**Task brief:** No pictures go in the copy; retype exactly the lines from the one with "RUN FAVORITE AOP WOVEN JACKET W" through the last line of the records.

**Exercise materials:**
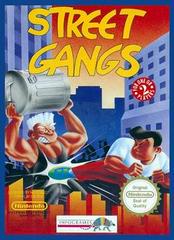 Street Gangs - PAL NES | Anubis Games and Hobby
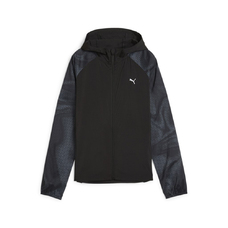 RUN FAVORITE AOP WOVEN JACKET W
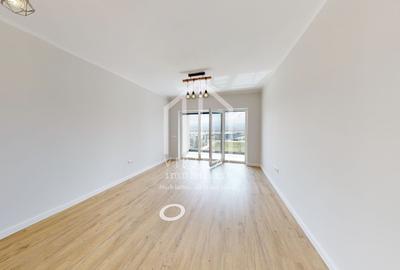 Apartament cu 3 camere decomandat în Exterior Vest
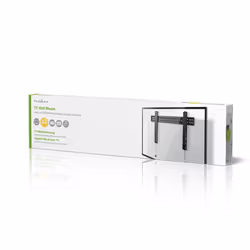 Nedis TVWM5050BK support pour téléviseur 70" Noir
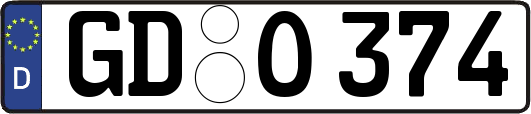 GD-O374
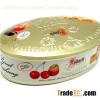 U9009 Cookie Tin Box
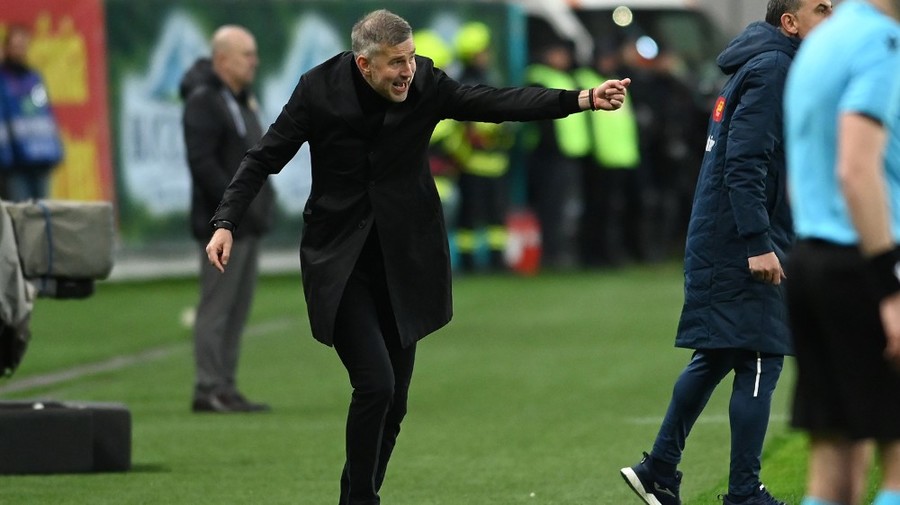 Edi Iordănescu, ”sancţionat” pentru neconvocarea unui atacant din SuperLigă: ”El era o variantă bună” | EXCLUSIV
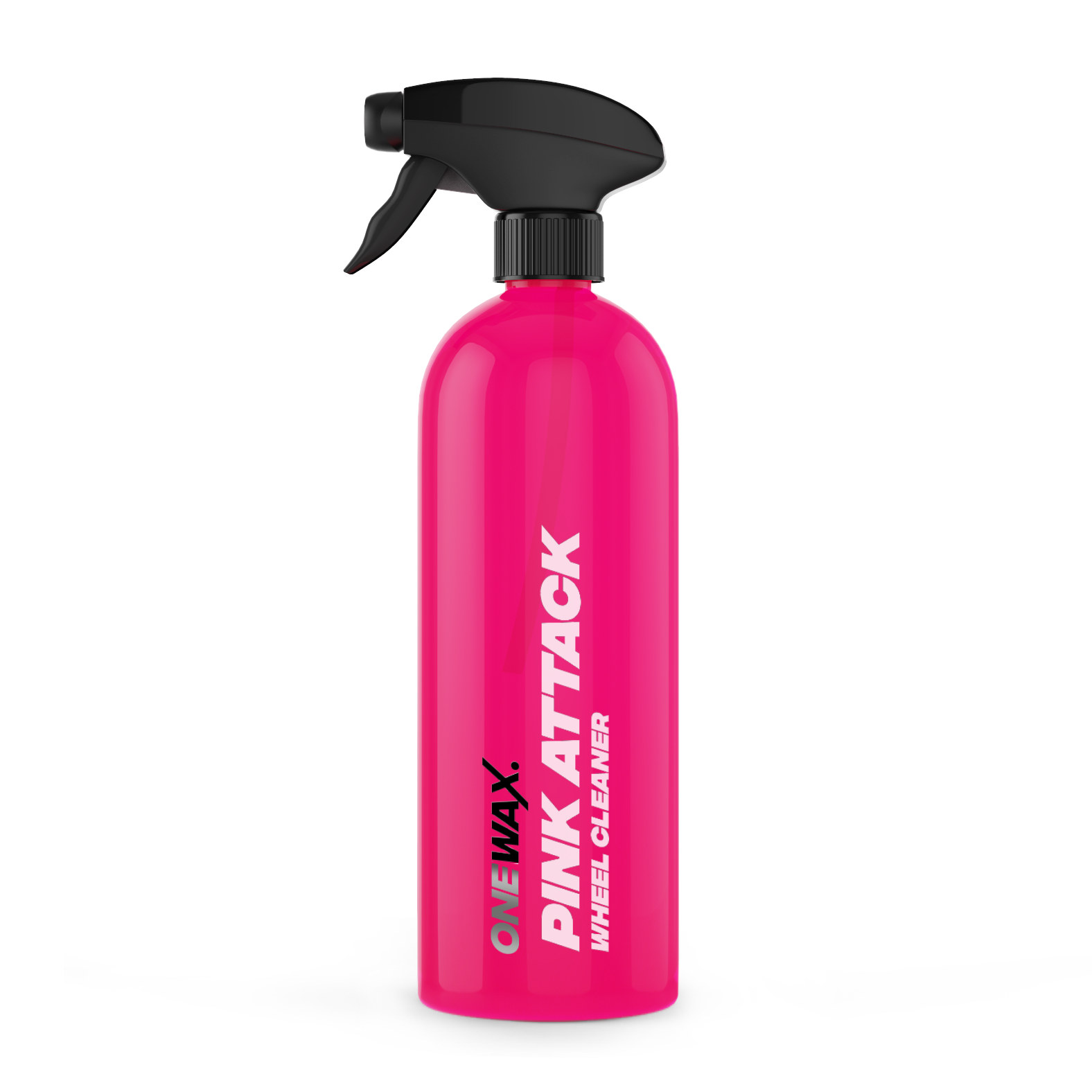 ONEWAX  PINK ATTACK FELGEN REINIGER 1000ML
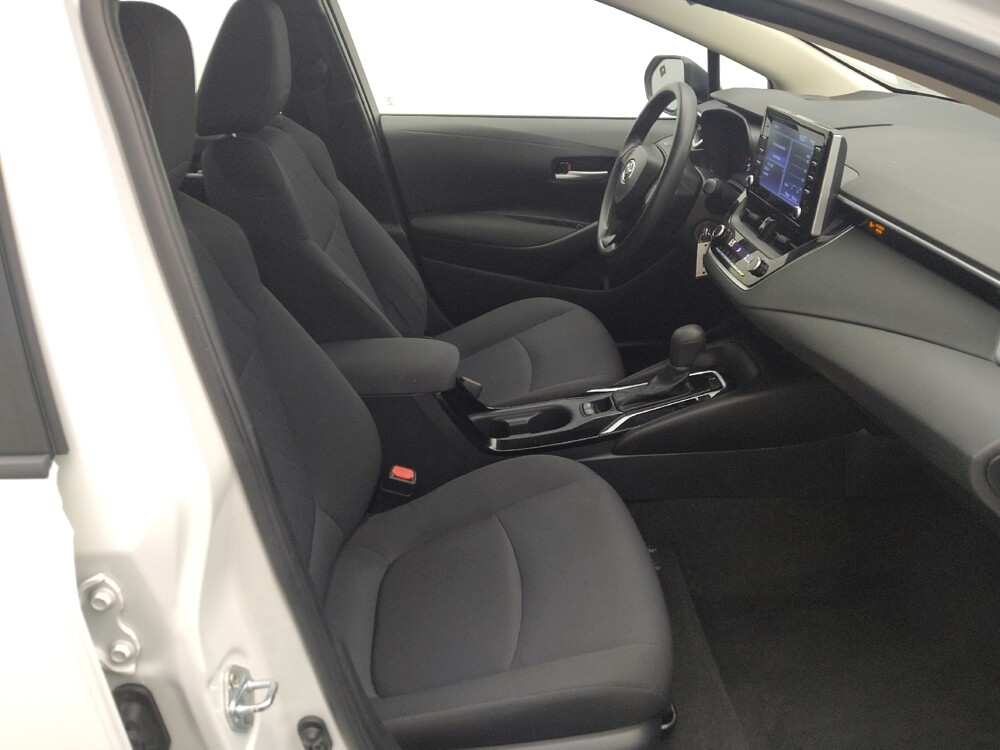 2021 Toyota Corolla in Houston, TX 77034 - 18111136 21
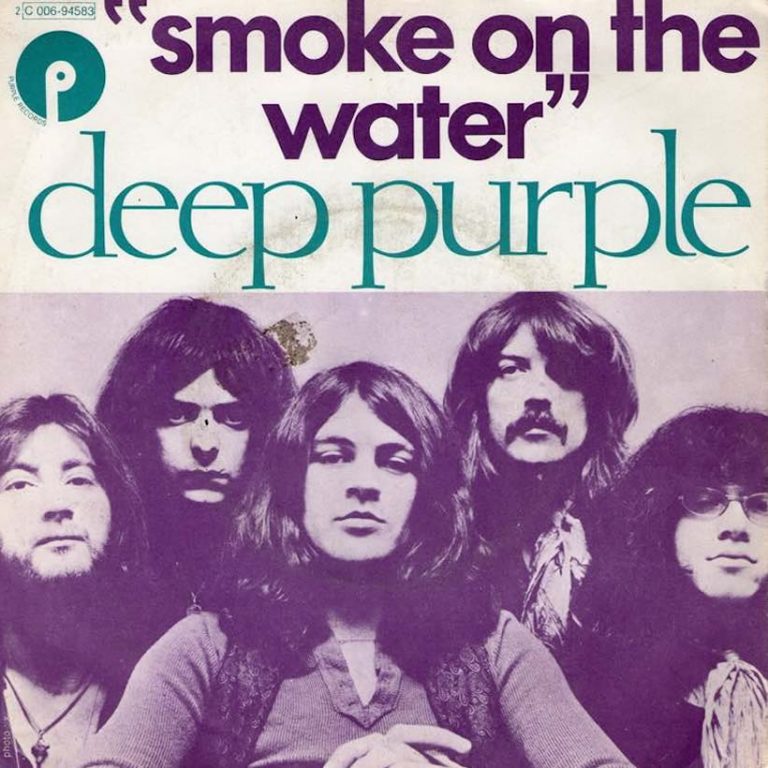 'Smoke On The Water' Deep Purple's Fire In The Sky uDiscover 'Smoke On The Water' Deep Purple's Fire In The Sky uDiscover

**Solution to this task:**
 RUN FAVORITE AOP WOVEN JACKET W
 Apartament cu 3 camere decomandat în Exterior Vest
 Nedis TVWM5050BK support pour téléviseur 70" Noir
 GD-O374
 U9009 Cookie Tin Box
 Edi Iordănescu, ”sancţionat” pentru neconvocarea unui atacant din SuperLigă: ”El era o variantă bună” | EXCLUSIV
 ONEWAX  PINK ATTACK FELGEN REINIGER 1000ML
 2021 Toyota Corolla in Houston, TX 77034 - 18111136 21
 'Smoke On The Water' Deep Purple's Fire In The Sky uDiscover 'Smoke On The Water' Deep Purple's Fire In The Sky uDiscover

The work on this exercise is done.